Following the latest funding application round for the Moray Artists Bursary 2019, we decided to speak to those who benefitted from the grants last year to find out more about the impact it had on their organisation and ambitions.
Here, we find out how Duncan Wilson, a visual artist based in Findhorn, Moray, used his funding and how it has helped shape his future plans.
I was awarded £1,500 funding from the Moray Artists Bursary in 2018, to develop a research project in partnership with Professor Jim MacPherson and the history department at the University of the Highlands and Islands (UHI).
Through researching Moray’s military past, I hoped to create a new artwork which would explore the themes of World War 1, masculinity and class. The project and artwork were inspired by a large photographic work I created in 2017, entitled ‘Distant Voices’, where I drew parallels between the young men from Inverclyde who fought in WW1 and the young men living there today.

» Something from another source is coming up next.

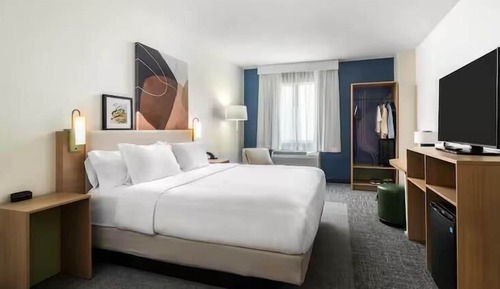 Zimmer, 1 King-Bett und Schlafsofa, barrierefrei, Badewanne (Mobility)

Last year I relocated to Moray from the central belt, a move which made me want to explore this theme further. My end goal was to create a companion piece to ‘Distant Voices’ that would focus on those men from Moray who had lost their lives in World War 1 and the soldiers living in the area who are preparing to fight in conflict today.
As a visual artist I mainly work alone, however, through the Moray Artists Bursary funding I was able to undertake a truly in-depth partnership research project for the first time and explore how working with academics could lead me down new and exciting creative avenues, and consider new ideas.
Throughout the project my focus shifted from what was initially an inquiry into which ‘class’ went to war, through to exploring what it means to be brave, conscientious objectors, and what secrets lie beneath a car park in Aberdeen…
Thanks to the Moray Artists Bursary I was able to continue to work as an artist in a new part of the country, following my move from the central belt. It also gave me the opportunity to connect with the broader arts community in Moray and meet some amazing creative people.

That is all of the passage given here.